Ci sono a volte circostanze in cui anche le convinzioni più profonde possono vacillare. Ed è partendo da questa riflessione che provo a scrivere questo articolo pensando a David Raggi, il giovane morto per mano di un giovane marocchino ubriaco, ed alla sua famiglia. Una mamma e un papà esemplari che non hanno perso il coraggio, nemmeno nel dramma più duro da affrontare, per rifiutare l’odio razziale e la cattiveria propri di questi tempi e di questa Italia.

Un esempio di lucidità e di forza d’animo che diventano esempio e che ci dice che non esiste nessun automatismo istintivo, nessuna spiegazione umana, nessun nesso tra un dolore grande e l’odio contro qualcuno, contro una comunità. Nessun attimo di incertezza nell’esprimere il loro fermo rifiuto a rendersi complici di chi dà libero sfogo alla propria meschinità e pochezza fomentando l’odio verso gli immigrati, squadristi verdi o neri che siano che, purtroppo, ormai da tempo infestano anche le nostre istituzioni democratiche.

Tutto ciò accade a cavallo del 21 marzo, la giornata mondiale contro il razzismo, istituita dalle Nazioni Unite nel 1966 a seguito del massacro di Sharpeville del 1960, la giornata più sanguinosa dell’apartheid in Sudafrica: 69 manifestanti uccisi perché protestavano contro l’Urban Areas Act che imponeva ai sudafricani neri di esibire uno speciale permesso se venivano fermati nelle aree riservate ai bianchi.

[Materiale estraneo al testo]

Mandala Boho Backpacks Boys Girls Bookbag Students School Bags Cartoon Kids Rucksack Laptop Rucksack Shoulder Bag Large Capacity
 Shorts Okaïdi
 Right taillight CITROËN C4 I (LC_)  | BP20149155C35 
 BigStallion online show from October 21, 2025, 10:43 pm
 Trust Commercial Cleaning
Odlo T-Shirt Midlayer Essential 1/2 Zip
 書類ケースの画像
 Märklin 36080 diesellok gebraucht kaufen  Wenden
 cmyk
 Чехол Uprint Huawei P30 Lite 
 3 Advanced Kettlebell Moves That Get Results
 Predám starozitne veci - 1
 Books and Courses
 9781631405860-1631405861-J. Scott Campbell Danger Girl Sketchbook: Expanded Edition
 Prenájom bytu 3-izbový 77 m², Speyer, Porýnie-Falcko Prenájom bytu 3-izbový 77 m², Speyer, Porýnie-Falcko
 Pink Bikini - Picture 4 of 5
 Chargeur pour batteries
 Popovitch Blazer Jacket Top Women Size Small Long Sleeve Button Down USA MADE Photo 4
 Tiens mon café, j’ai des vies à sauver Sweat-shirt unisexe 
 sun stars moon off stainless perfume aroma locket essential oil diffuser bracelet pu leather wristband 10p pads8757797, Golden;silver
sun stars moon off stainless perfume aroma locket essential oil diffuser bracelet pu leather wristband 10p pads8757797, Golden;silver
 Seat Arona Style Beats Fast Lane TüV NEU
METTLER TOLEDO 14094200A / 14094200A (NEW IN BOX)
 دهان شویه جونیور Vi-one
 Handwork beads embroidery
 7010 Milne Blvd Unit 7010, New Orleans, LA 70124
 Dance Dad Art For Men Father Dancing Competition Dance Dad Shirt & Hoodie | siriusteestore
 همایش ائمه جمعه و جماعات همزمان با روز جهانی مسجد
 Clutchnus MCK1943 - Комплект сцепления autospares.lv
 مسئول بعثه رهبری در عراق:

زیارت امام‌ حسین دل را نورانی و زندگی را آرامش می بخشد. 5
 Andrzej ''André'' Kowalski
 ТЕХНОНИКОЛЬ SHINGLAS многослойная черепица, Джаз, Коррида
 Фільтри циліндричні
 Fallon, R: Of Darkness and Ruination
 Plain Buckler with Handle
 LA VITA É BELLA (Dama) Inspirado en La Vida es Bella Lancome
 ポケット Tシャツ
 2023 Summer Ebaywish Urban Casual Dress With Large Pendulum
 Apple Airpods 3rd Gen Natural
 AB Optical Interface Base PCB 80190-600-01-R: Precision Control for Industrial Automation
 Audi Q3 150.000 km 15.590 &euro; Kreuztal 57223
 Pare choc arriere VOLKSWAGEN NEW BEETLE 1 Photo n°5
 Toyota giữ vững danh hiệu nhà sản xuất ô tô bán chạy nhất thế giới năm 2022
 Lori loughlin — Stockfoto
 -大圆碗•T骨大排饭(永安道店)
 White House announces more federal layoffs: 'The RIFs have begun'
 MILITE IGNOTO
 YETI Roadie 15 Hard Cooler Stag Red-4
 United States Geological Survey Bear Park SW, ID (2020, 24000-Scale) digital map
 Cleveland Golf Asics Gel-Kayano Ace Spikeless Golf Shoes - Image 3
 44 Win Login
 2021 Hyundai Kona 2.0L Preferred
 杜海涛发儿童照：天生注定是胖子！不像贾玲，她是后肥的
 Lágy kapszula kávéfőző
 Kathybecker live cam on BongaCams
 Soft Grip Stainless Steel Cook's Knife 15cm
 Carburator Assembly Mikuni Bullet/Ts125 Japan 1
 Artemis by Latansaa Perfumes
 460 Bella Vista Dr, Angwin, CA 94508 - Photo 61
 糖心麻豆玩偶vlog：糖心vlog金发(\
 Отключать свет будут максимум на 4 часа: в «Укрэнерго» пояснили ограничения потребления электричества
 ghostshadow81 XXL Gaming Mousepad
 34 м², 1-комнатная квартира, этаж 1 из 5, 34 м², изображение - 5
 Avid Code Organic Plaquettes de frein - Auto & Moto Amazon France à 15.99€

Da sempre l’Arci si batte – e continuerà a battersi -, contro questa barbarie che non smette di fare proseliti. Una barbarie che non solo abbiamo conosciuto nei libri di storia ma che, giorno dopo giorno ritroviamo in molti angoli d’Europa. E in Italia, come dimostra, amaramente, la vicenda di David. Ed è anche per questo che occorre, anche per noi, ricostruire un pensiero, attualizzato, sul nostro antirazzismo, sul nostro modo di stare dentro questo conflitto e queste evidenti contraddizioni. Ripensare il nostro modo di agire sulle molteplici frontiere che quotidianamente vengono innalzate; da quelle tragiche delle coste a quelle difficili dei nostri quartieri. Per non parlare dei condomini. C’è, esiste, si tocca con mano un nesso tra la crisi, l’imbarbarimento culturale e il razzismo. E noi dobbiamo provare ad affrontarlo con quello che un tempo veniva definito, un pensiero lungo. Per noi, per i nostri circoli e soci, per il nostro Paese. Anche su questo terreno possiamo diventare capofila di una rivolta culturale e sociale utile e necessaria. Occorre un po’ di coraggio che, se vogliamo, non ci manca. Credo e spero che il Meeting Antirazzista di Cecina possa diventare uno dei luoghi per ragionare tra di noi, possa tornare a mettere al centro la formazione politica con cui, poi, definire il nostro pensiero lungo sull’antirazzismo oggi.  E poi Sabir come il luogo della messa in rete della nostra proposta e il luogo per la costruzione della nuova Europa, fortemente antirazzista ma soprattutto dei popoli e dell’accoglienza: credo sia sotto gli occhi di tutti l’inadeguatezza delle risposte istituzionali, tanto più vergognosa – è bene ribadirlo ogni tanto – per un paese che ha visto milioni di suoi cittadini costretti ad emigrare per cercare altrove quel futuro che in patria non potevano trovare. E’ su questo punto quindi che entra in campo la nostra ostinazione con cui ci battiamo e pressiamo per la riapertura di Mare Nostrum e per l’attivazione di canali umanitari di accesso poiché, se esiste una cosa indiscutibile per chiunque è che le persone in fuga da guerre e persecuzioni non si fermano. Non le ferma il mare grosso, non le ferma il filo spinato, tantomeno le ferma l’irresponsabilità politica degli attuali legislatori.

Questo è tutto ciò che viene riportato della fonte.